Gifts of Appreciated Securities Q&A
Should I sell my stock first?
No. If you sell your stock before donating the proceeds to the Foundation, the IRS will impose capital gains tax on the sale, wiping out the benefits of this gift arrangement.
By donating the shares to the Foundation, you receive a tax deduction on the full fair market value of your stock, while avoiding the capital gains tax that would otherwise arise from the sale.
What about contributing depreciated stock?
In this case, the opposite applies. If you had stock worth $25,000, for example, and it’s now worth $15,000, your charitable deduction will be limited to $15,000.
Sell your depreciated stock first, claim the resulting capital loss on your income tax return, then contribute the proceeds of the sale as a deductible cash gift to us for your charitable fund.
How do I contribute gifts of securities?
Contributing securities is relatively simple, whether it’s shares held in your brokerage account or a certificate of shares of stock.
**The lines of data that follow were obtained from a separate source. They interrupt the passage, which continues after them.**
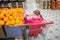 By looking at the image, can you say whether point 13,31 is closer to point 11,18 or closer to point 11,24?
point 11,24

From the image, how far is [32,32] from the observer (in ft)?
6.42

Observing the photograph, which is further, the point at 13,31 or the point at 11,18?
the point at 11,18

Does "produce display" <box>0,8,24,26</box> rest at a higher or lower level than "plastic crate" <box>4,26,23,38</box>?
higher

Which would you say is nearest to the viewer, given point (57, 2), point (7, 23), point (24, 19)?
point (7, 23)

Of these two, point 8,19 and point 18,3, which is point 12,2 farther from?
point 8,19

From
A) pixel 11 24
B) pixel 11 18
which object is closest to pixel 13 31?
pixel 11 24

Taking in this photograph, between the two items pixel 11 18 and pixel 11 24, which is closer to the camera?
pixel 11 24

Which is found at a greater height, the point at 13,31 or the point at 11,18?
the point at 11,18

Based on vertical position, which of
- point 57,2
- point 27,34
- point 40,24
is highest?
point 40,24

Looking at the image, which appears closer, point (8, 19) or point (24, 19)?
point (8, 19)

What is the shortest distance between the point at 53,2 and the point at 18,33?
797 cm

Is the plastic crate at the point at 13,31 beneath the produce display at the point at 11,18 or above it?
beneath

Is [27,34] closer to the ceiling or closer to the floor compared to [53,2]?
closer to the ceiling

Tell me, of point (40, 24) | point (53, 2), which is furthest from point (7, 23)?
point (53, 2)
In either case, please allow sufficient time for completing such gift transactions.
For instructions on how to make a gift of securities to The Dayton Foundation, click here.
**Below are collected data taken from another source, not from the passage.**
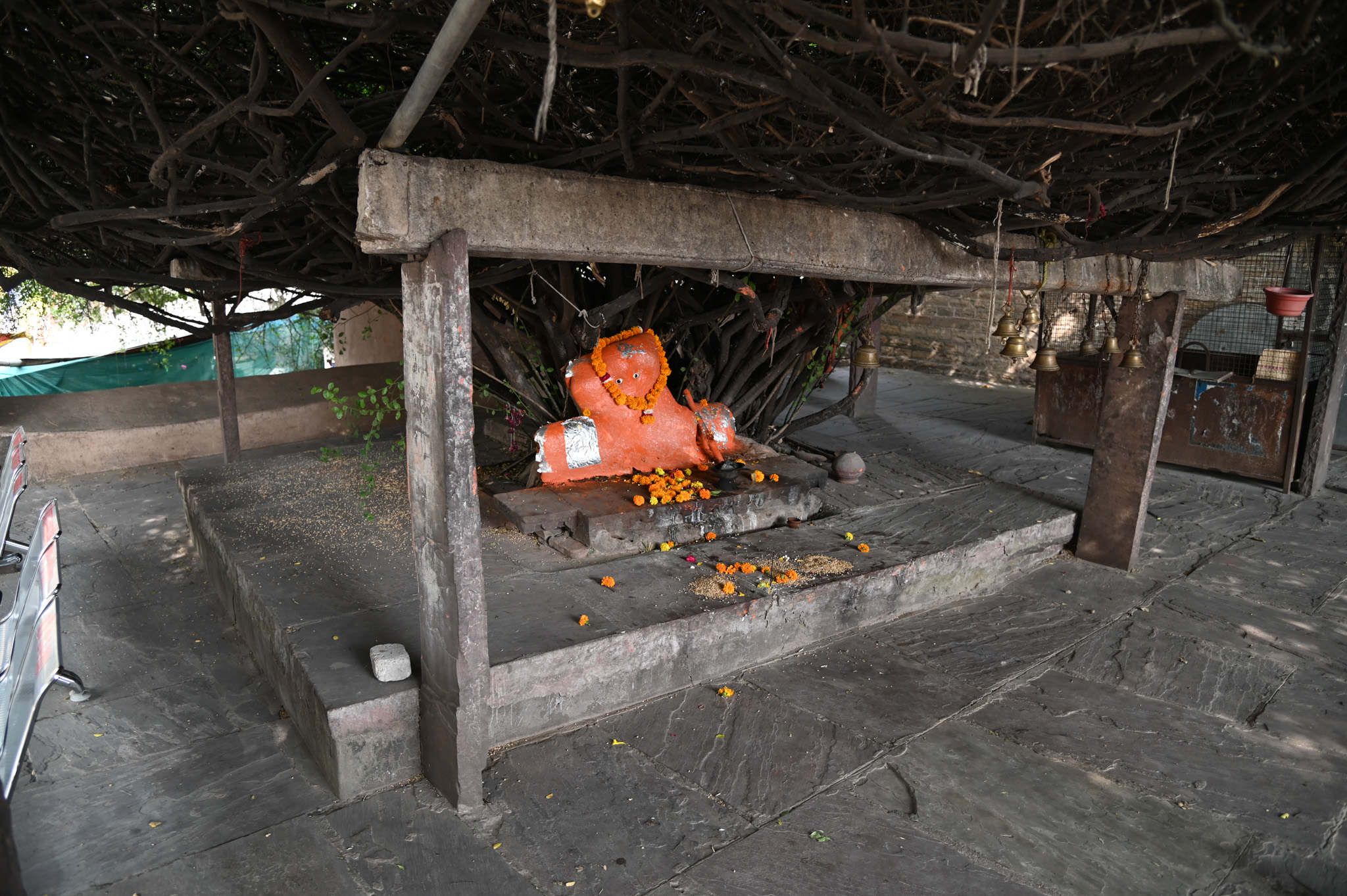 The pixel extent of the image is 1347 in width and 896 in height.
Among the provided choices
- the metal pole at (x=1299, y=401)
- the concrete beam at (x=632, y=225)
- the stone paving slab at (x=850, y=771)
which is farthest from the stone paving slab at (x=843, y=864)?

With any gift arrangement, we recommend that you consult with your financial planner or attorney first. All gifts are subject to approval by the Foundation’s Gift Acceptance Committee and the Governing Board.
For more information or to discuss a gift plan that works for your individual needs, contact a member of our Development Department at (937) 222-0410.
IN HIS WORDS
“ Gifts of all sizes are honored at The Dayton Foundation. No one should feel barriers to participating in our region’s future.”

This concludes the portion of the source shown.